• [What you are asked to do] Please transcribe exactly the lines from the line holding "Ray-Ban RB4154 Square" through the end of the data below, and skip any pictures.

(Image-caption web data)
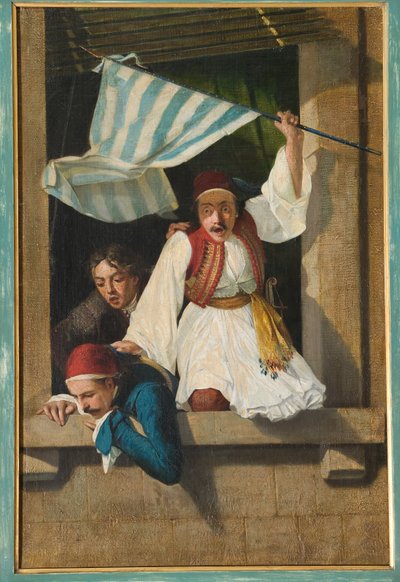 Scene fra den greske revolusjonen (olje på lerret) av Narciso Malatesta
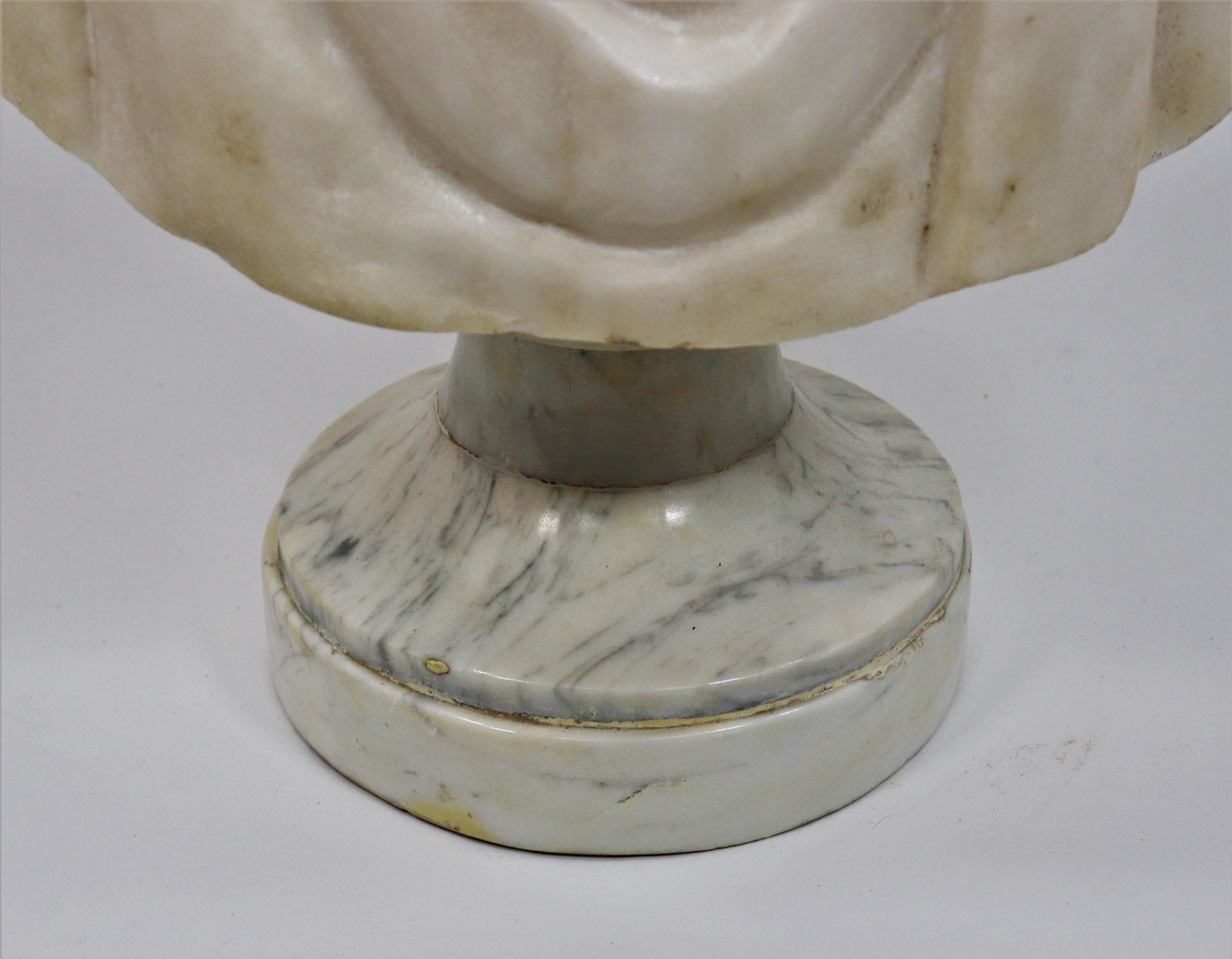 Life Size Gaius Julius Caesar Marble Head Bust with Stand 3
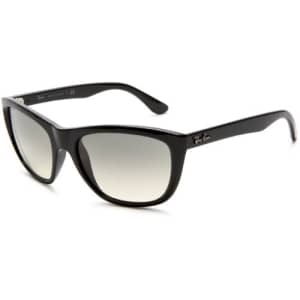 Ray-Ban RB4154 Square Sunglasses, Black Frame/Gray Gradient Lens, 57 mm for $88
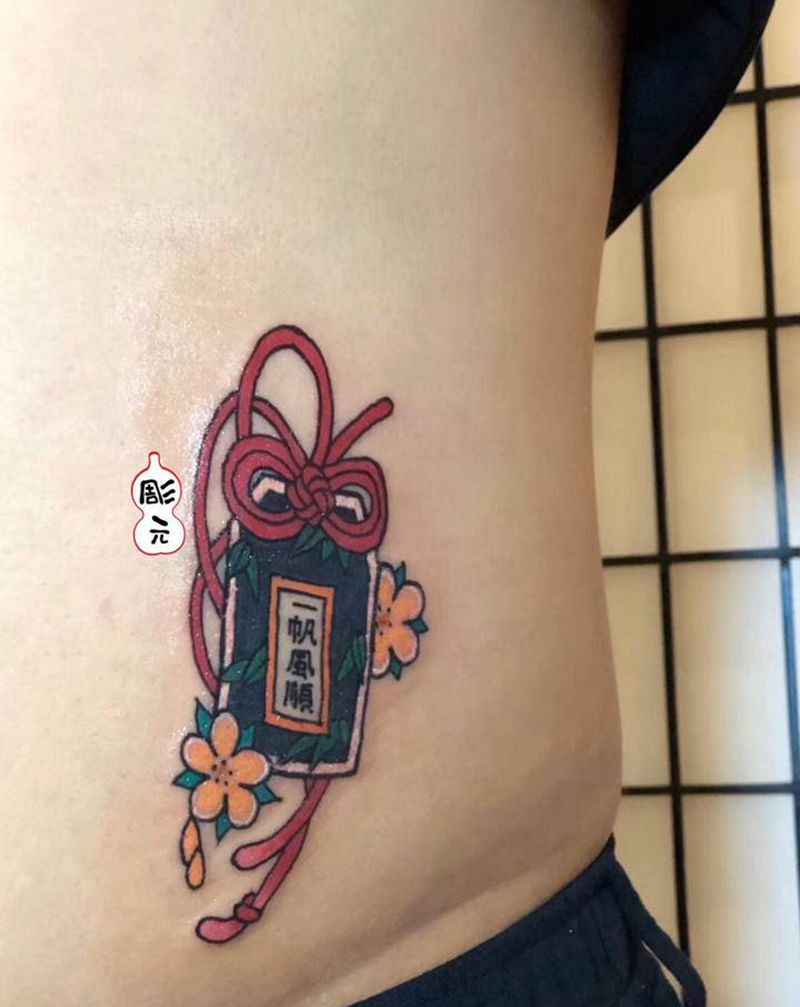 平安健康纹身图片_老传统纹身图案
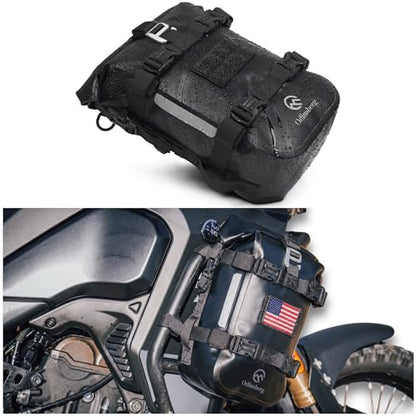 Odinsberg Waterproof Motorcycle Tail Bag 7L Motorcycle Dry Bag Crash Bar Bags used as Luggage on Sissy Bar Back Seat Saddle Bag Rack Fender Bag Pouch Dirt Bike Pack for Moto Enduro ATV - size: 7L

• [Answer to this problem]
 Ray-Ban RB4154 Square Sunglasses, Black Frame/Gray Gradient Lens, 57 mm for $88
 平安健康纹身图片_老传统纹身图案
 Odinsberg Waterproof Motorcycle Tail Bag 7L Motorcycle Dry Bag Crash Bar Bags used as Luggage on Sissy Bar Back Seat Saddle Bag Rack Fender Bag Pouch Dirt Bike Pack for Moto Enduro ATV - size: 7L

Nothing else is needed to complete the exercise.